Der Begriff „Hure“ wird selten verwendet, aber doch, ob die Mutter  das zweite oder bereits dritte Hurenkind zur Welt gebracht hatte. Der Ton der Eintragung lässt erkennen, dass dieses durchaus herabsetzend gemeint war. Der Vater wurde nicht immer erwähnt, es konnte sich dabei um Mitbewohner des Ortes (z.B.: “ein Leineweber“), Auswärtige, aber auch um Soldaten, meistens aus der Garnison, handeln. Erwähnt werden „Musketiere“, auch ein „Capitain Lieutnant“ sogar ein „Edelmann“.

Auch ein gemeiner Dieb wird als Vater benannt, ein Kind wurde im Gefängnis geboren. (1735)  Eine Mutter, die schon 12 Jahre im Armenhaus gewesen war, hat sich von einem widerlichen Kerl beschlafen lassen. (1750). Diese Mutter wurde aus dem Armenhaus zu Teufel gejagt.

Der Vorgang der fleischigen Vermischung (1717):  so sich zum andern mahle beschlaffen laßen“ wird auch so erklärt, dass das betreffende Opfer sich in Sünde gestürzt hatte oder dass der unsaubere Hurenteuffel hausieret war.  (1689) In wenigen Fällen wurde geheiratet, wenn die Schwangerschaft schon bekannt oder sichtbar war. Dann wurde die Braut nur ohne Kranz getrauet, weil solche bereits geschwängert zu früh bei geschlaffen war. (1726)  Auch hat die Braut..propter anticipar ohne  Kranz in die Kirche gehen müssen (1751) Vermerkt wird auch: … Soldat hat das Mensch zu früh beschlafen (1751)
Der Kirchgang zur Trauung ohne Kranz war durchaus als Schande zu verstehen.

Klassengesellschaft

Sollte jedoch die Geburt eine Kindes aus bestem Haus von Honorationen oder gar vom schriftführenden Pastor selbst vermeldet werden, konnten die Eintragungen gar nicht blumig genug ausfallen, Da hat die Mutter „gnädiglich entbunden“,man wurde mit einem „jungen wohlgestalteten Söhnlein erfreut“ und natürlich waren die Gevattern, also die Paten,  eines hohen Standes, nicht unter Pastor oder Superintendent.1727 hat die Frau des Superintendenten Glück gehabt: einen Tag nach der erschrecklichen und schnellen Feuersbrunst(gemeint ist der Große Brand von 1727 als fast die genze Stadt dem Feuer zum Opfer fiel), ist sie mit einem gesunden und wohlgestalten Töchterlein nieder kommen. Die Superintendentenfamilie durfte auch auf das hiesige Königl. Ambte retirieren.

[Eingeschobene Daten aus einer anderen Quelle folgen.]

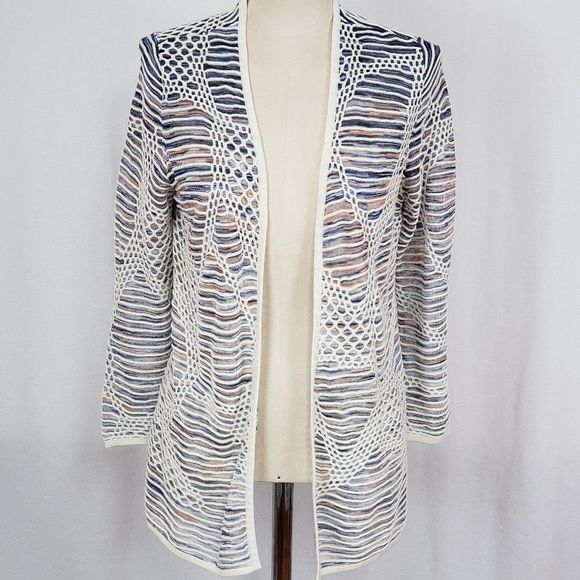 NIC+ZOE Multicolor Open-Front Cardigan - Picture 1 of 8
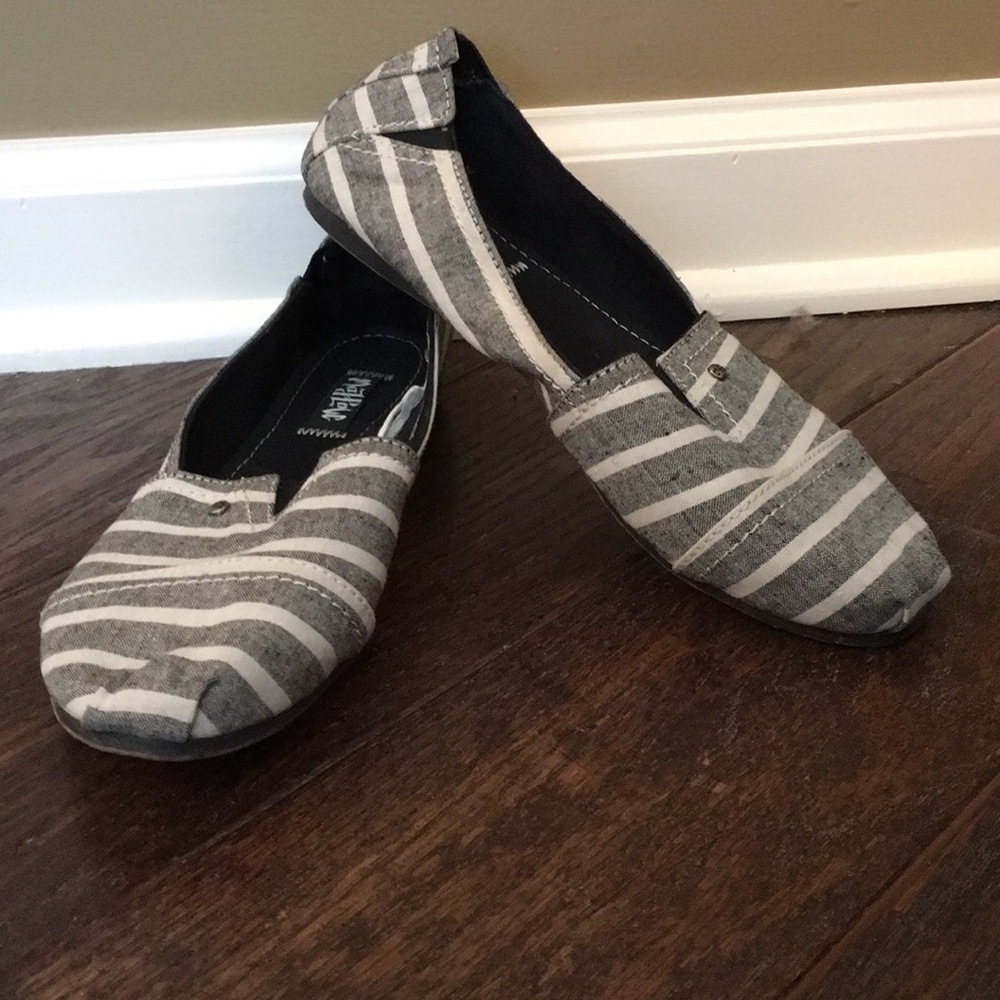 Grey and white flats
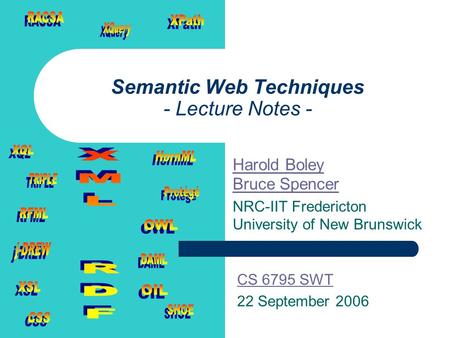 Introduction to the Semantic Web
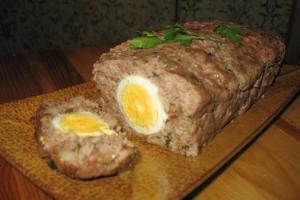 Рулет мясной "Ласточкино гнездо"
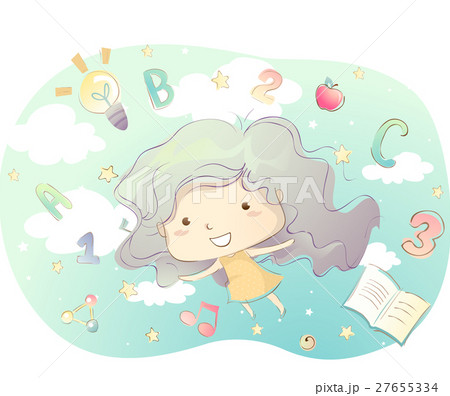 Kid Girl Education Quest 27655334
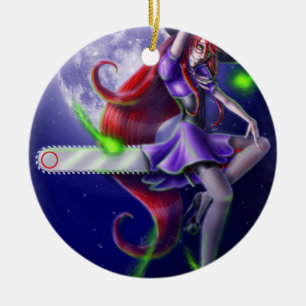 Ornamento De Cerâmica PinUp de Testemunha de Falha
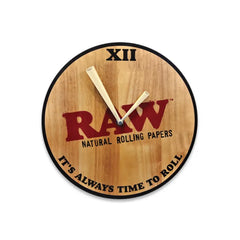 RAW WOODEN WALL CLOCK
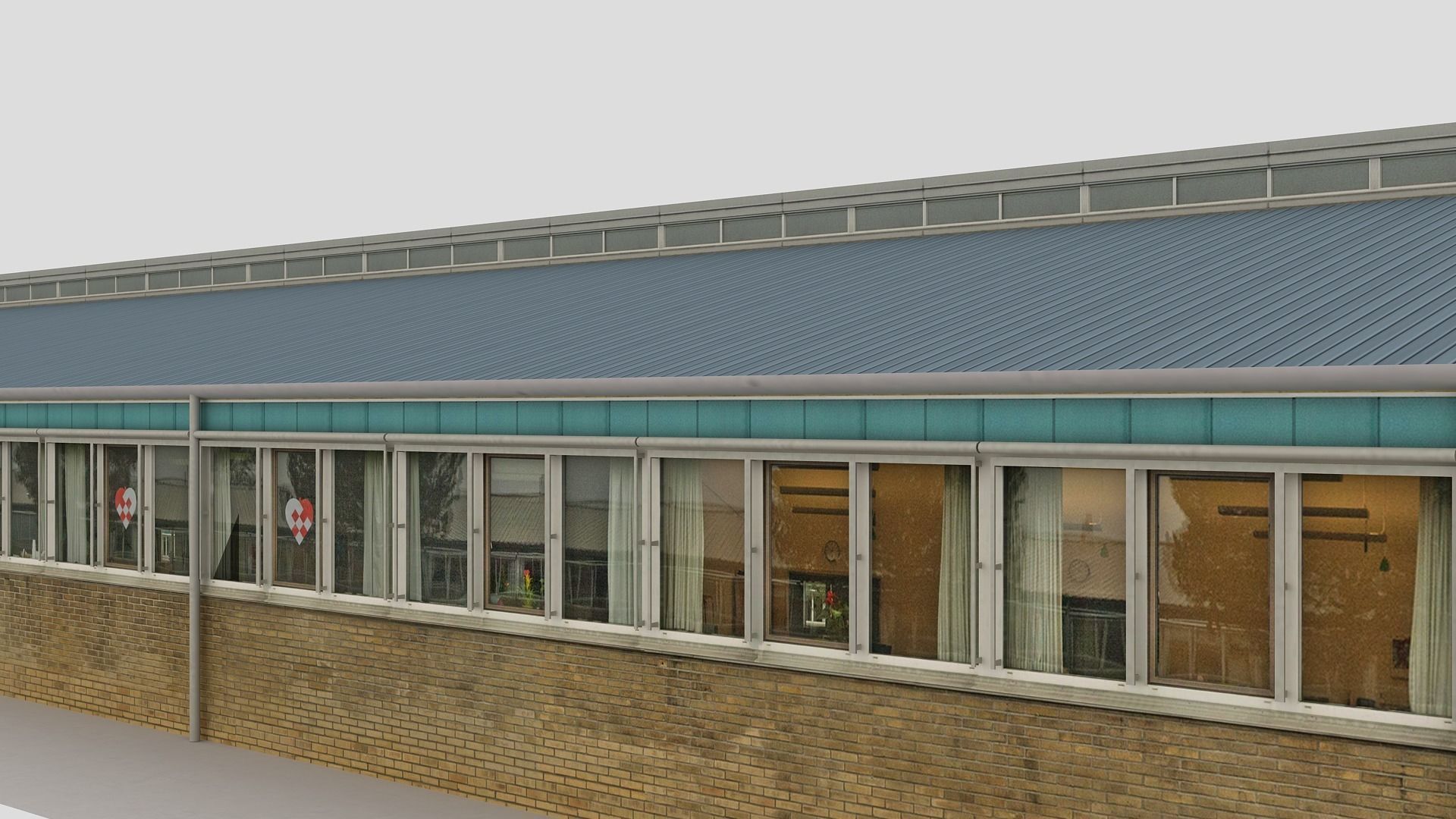 Realistic European City Block Building 3d model 01 3D model_10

Die meisten Eintragungen „normaler“ Geburten zwischen dem “Hur- Kind“ und den euphorischeren Mitteilungen bewegen  sich aber in sachlichem Ton. Über das weitere Schicksal der unehelichen Kinder und ihrer Mütter hingegen lässt sich aus den Kirchenbüchern nichts herauslesen. Es ist zu vermuten, dass man mit ihnen nicht gut um gegangen ist. Überhaupt geht aus den Aufzeichnungen nicht hervor, ob Gewalt eine Rolle spielte, auch über Abtreibungen ist nichts bekannt.

Zu den besonderen Tatsachen, die es verdienten festgehalten, zu werden gehört die verweigerte Übernahme einer Patenschaft im Jahre 1716: Die honorigen Eltern waren der Ehemann, Stadtrichter und späterer Kellerwirth, die Frau spätere Bademutter als Mutter einer jungen Tochter. Die Gevattern waren immerhin der Superintendent und der Amtskommissar.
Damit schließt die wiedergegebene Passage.